Access provided by University of Notre Dame Hesburgh Library. Download conference paper PDF
Similar content being viewed by others
1 Introduction
Question answering (QA) is a task that seeks to automatically answer questions asked in natural language by humans, with a combination of Information Retrieval (IR) and Natural Language Processing (NLP) techniques. QA systems have been applied in multiple domains of knowledge, as they can facilitate access to information by reasoning and inferring it from a large volume of data stored as natural language [1].
There has been a growth in interest in the use of QA in the biomedical context, including efforts to create biomedical and clinical QA corpora [8, 12, 18, 23] and the realization of shared tasks such as BioASQ 8 [9]. The possibility of finding answers to questions in the growing volume of data available in the scientific literature and patients’ medical records evidence the potential of these systems for practical use. Therefore, QA systems can assist both the medical research community (e.g., researching disease treatments and symptoms) and healthcare professionals (e.g., clinical decision support).

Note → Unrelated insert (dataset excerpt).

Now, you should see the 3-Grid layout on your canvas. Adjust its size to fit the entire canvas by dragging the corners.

Specifically in the clinical context, when we work with patient’s data, the QA research has few initiatives if compared to other domains, mainly in languages other than English [10, 12]. The lack of studies may be due to the required medical expertise and the ethical/legal restrictions, which limits the data access [7]. Another aspect that hinders the research of clinical QA is the complexity of the data that are stored in the patient’s Electronic Health Records (EHR). The longitudinal and unstructured nature of the clinical notes, high use of medical terminology, temporal relations between multiple clinical concepts (e.g., medications, diseases, symptoms), text misspellings, frequent redundancy, and implicit events make text comprehension much more complex for the machine, and make it difficult to apply baseline NLP tools [2].

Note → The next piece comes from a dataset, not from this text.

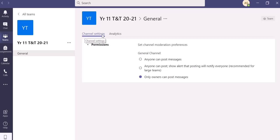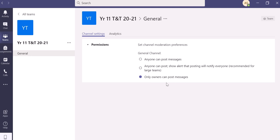Manage channel has the channel settings tab under which the permissions can be changed to only owners can post messages. In this way, only the owners, which is you, your co-teacher, or coordinator, can post messages.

Currently, health professionals manually browse or use a simple search algorithm to find answers about patients, and often they are unable to reach the information they need. A QA system can provide a much more intuitive interface for this task, allowing humans to “talk" to the EHR asking questions about patient’s status and health condition, generating a much more fluid and human interaction [12, 16, 18].
Nevertheless, how to develop a clinical QA system for Portuguese if we do not have a large corpus of questions and answers that support most of the current QA methods? A well-established strategy in the NLP community is the use of transfer learning, which consists of using a pre-trained language model in a large dataset and then fine-tune it for a specific task in a smaller dataset. For example, one can use a large attention-based model [19] available in Transformers libraryFootnote 1, such as BERT [3], and fine-tune it for a specific NLP task, such as Named Entity Recognition [17]. We can go beyond that, like Jeong and colleagues [7], who fine-tuned two different QA corpora (one open-domain and the other biomedical) to achieve superior performances in biomedical QA.
In this work, we present the first glance of experiments on a QA system used to answers questions about patients in Portuguese. We developed a biomedical QA model for the Portuguese language based on the fine-tuning of the BioBERTpt model [15] using the SQuAD QA dataset translated into the Portuguese language. We evaluate the performance in a small set of different clinical contexts with multiple types of clinical notes. Finally, we discuss our preliminary results, main findings, and future work. The model is publicly available for use.
2 Related Work
In this section, we present important QA corpora development initiatives. Moreover, we introduce the transfer learning method, which is one of the solutions used to overcome the lack of domain-specific corpora. Furthermore, we highlight biomedical and clinical QA studies based on Transformers models and transfer learning.
2.1 Corpora
In the literature, we can find several QA datasets, most of them covering open-domain questions and answers, as the Stanford Question Answering Dataset (SQuAD) [14]. SQuAD is a reading comprehension dataset consisting of English questions and answers from a set of Wikipedia articles. This dataset is present in a QA format, where the answer to each question is a segment of text from the reading passage (see Fig. 1). The SQuAD 1.1 contains more than 100,000 question-answer pairs on approximately 500 articles, all of them manually annotated.
Example of answers annotated within the text in SQuAD corpus. Image from [14]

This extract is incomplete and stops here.